The prospects for capping the arsenal at its present level have improved
as result of Pyongyang’s June 13 announcement admitting that it
has an R and D program for uranium enrichment. Since this program is
in its early stages, and it is not yet actually enriching uranium, there
is time for the United States to negotiate inspection safeguards limiting
enrichment to the levels necessary for civilian uses. Until now, North
Korea’s denial of an R and D program has kept the uranium issue
off the negotiating table and kept alive unfounded suspicions that it
is capable of making weapons-grade uranium. Progress toward
denuclearization would require U.S. steps to assure North Korea that
it will not be the victim of a nuclear attack. In Article Three, Section
One of the Agreed Framework, the United States pledged that it “will
provide formal assurances against the threat or use of nuclear weapons
by the United States” simultaneous with complete denuclearization.

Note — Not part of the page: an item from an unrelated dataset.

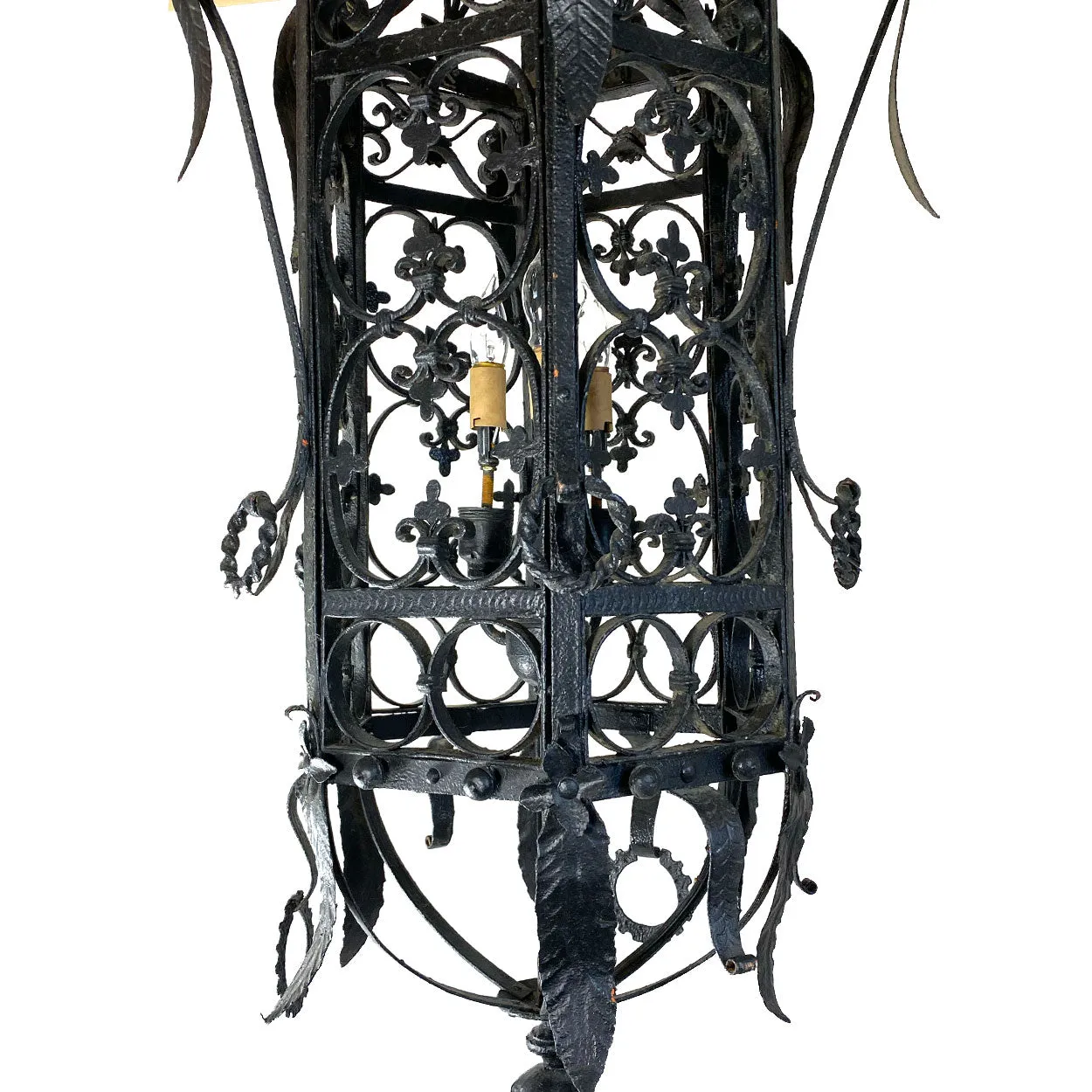 Fine Large American Wrought Iron Three-Light Hanging Pendant Lantern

Pyongyang is likely to insist on a reaffirmation of this pledge. Realistically,
if the United States is unwilling to give up the option of using nuclear
weapons against North Korea, it will be necessary to live with a nuclear-armed
North Korea while maintaining adequate U.S. deterrent forces in the
Pacific. The President
set the tone for a new direction in U.S. relations with the Muslim world
in Cairo.
He acknowledged the legacy of colonialism in the Middle East, the impact
of the Israeli occupation on the Palestinians and the U.S. role in overthrowing
the elected Mossadegh regime in Iran. Similarly, he should break through
the present poisonous atmosphere by expressing his empathy for the deepest
feelings of the Korean people in both the North and the South. Visiting
Pyongyang on March 31, 1972, the Reverend Billy Graham declared that
“Korean unity was a victim of the cold war.” He acknowledged
the U.S. role in the division of Korea and he prayed for peaceful reunification
“soon.” President Obama should declare his support for peaceful
reunification through a confederation, as envisioned in the North-South
summit pledges of June, 2000, and October, 2007, in order to set to
rest North Korean fears that the United States
will join with right-wing elements in Japan and South Korea now seeking
reunification by promoting the collapse of the North Korean regime.

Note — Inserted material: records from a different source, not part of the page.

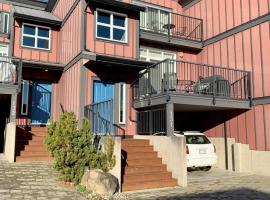 Sooke Oceanside Townhouse, hotell sihtkohas Sooke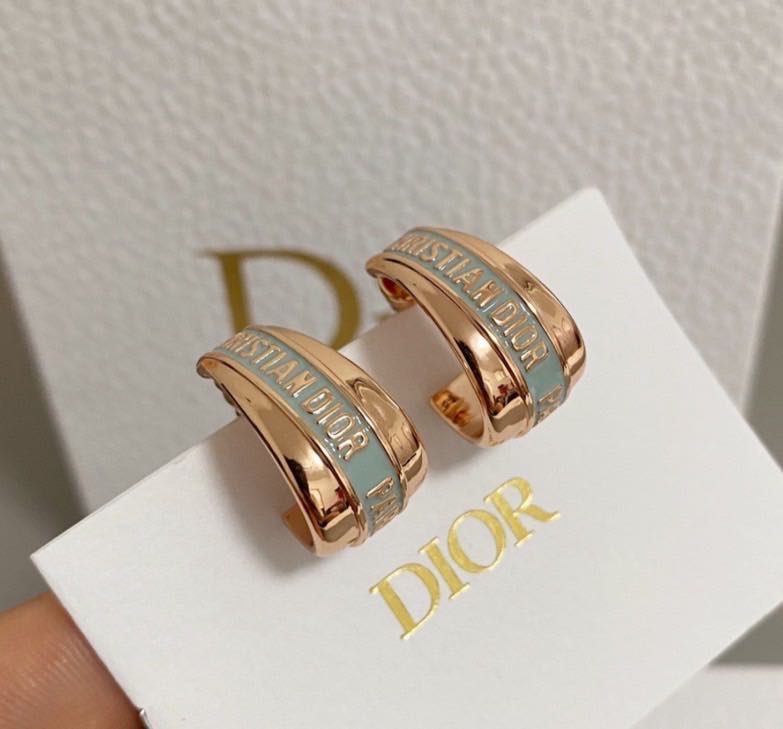 ต่างหู Dior สีมิ้นสวยมากกก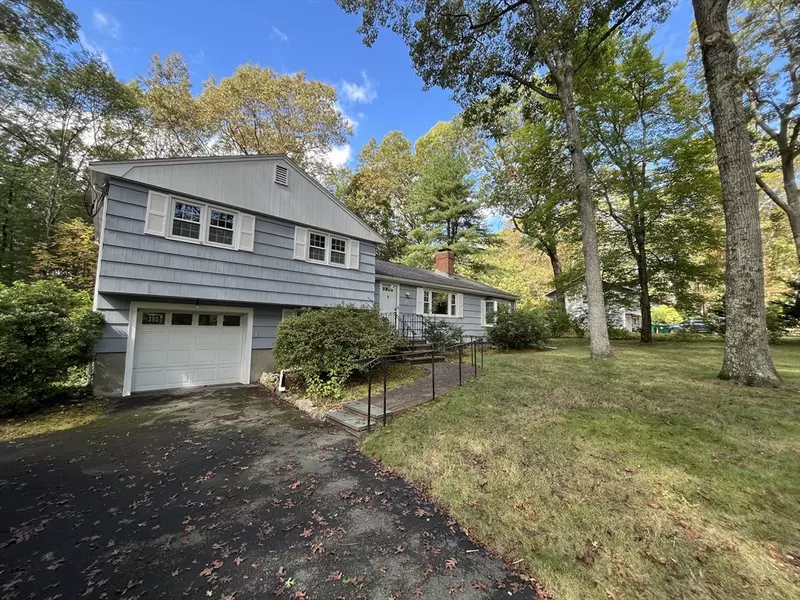 395 Oak Street #1, Westwood, MA 02090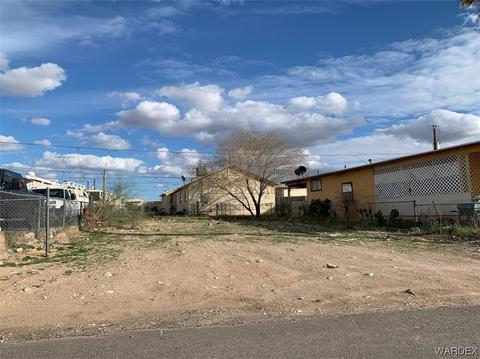 2130 Balboa Dr, Bullhead City, AZ 86442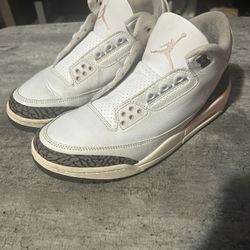 Neapolitan Jordan 3s “Beaters”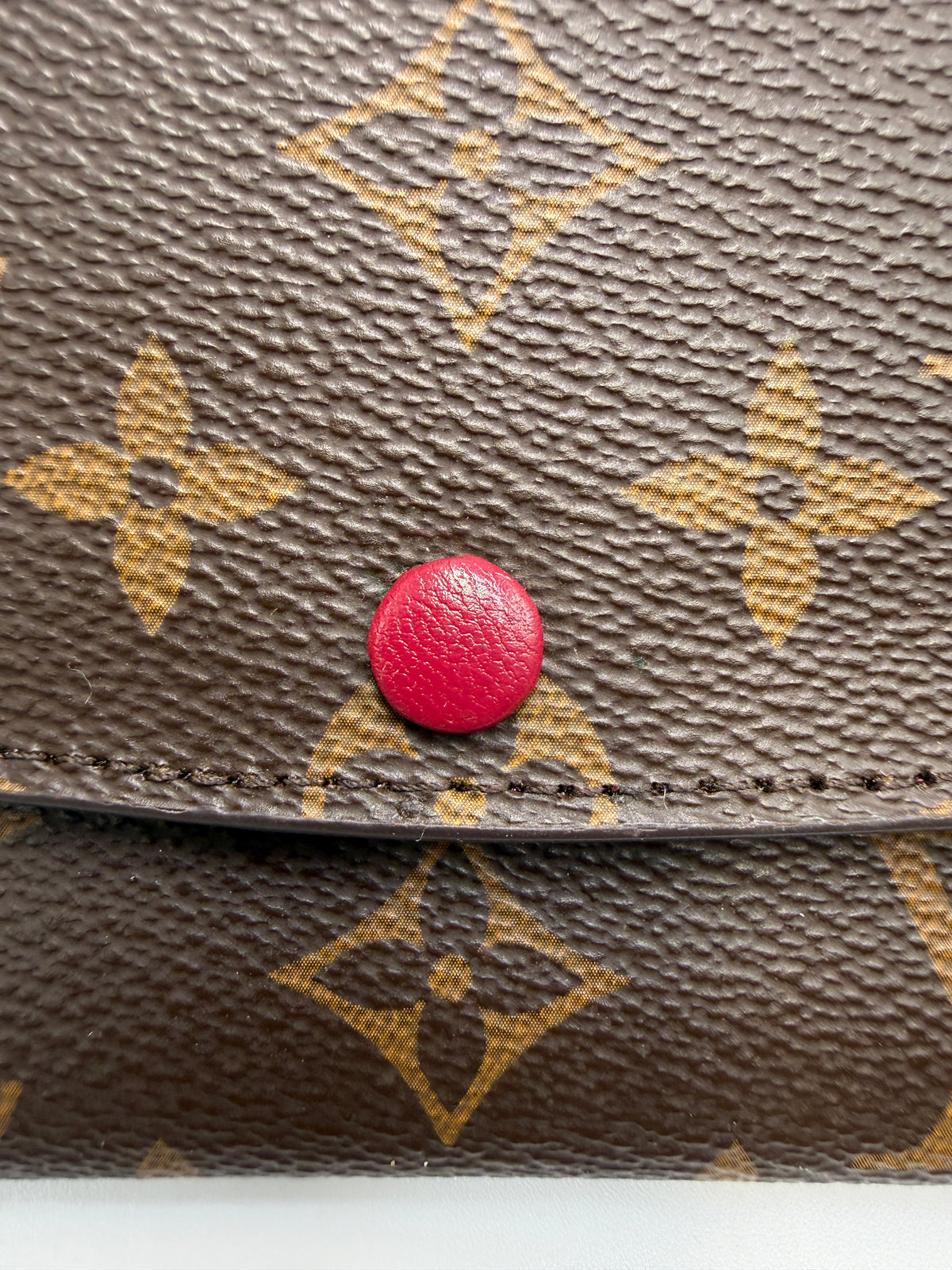 Pre-owned (Red) Louis Vuitton Monogram Zippy Wallet - Classic Long Wallet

Above all, he should express his empathy for the painful memories of
Japanese colonialism shared by all Koreans. Secretary of State Hillary
Clinton demonstrated complete insensitivity to these memories during
her Tokyo visit on February 18, 2009 by needlessly embroiling herself
in the explosive abductee dispute between North Korea and Japan and
by ignoring Kim Jong Il’s apology to Prime Minister Koizumi on
September 17, 2002. This is a bilateral dispute and, to paraphrase Susan
Rice, “should not be allowed to complicate” the reduction
of tensions with Pyongyang. In the event of
another war with North Korea resulting from efforts to enforce the U.N.
sanctions, it is Japan that North Korea would attack, in my view, not
South Korea, because nationalistic younger generals with no experience
of the outside world are now in a strong position in the North Korean
leadership following Kim Jong Il’s illness and his reduced role
in day to day management. Some of them, I learned in Pyongyang, were
outraged at Kim Jong Il’s apology to Koizumi and have alarmed
others in the regime with their unrealistic assessments of North Korea’s
capabilities in the event of a conflict with Japan. The U.N. sanctions
have further strengthened their position because all North Koreans feel
that they face a threat from the U.S. nuclear weapons deployed near
their borders and would be united, in my view, if tensions resulting
from attempts to enforce the sanctions should escalate to war.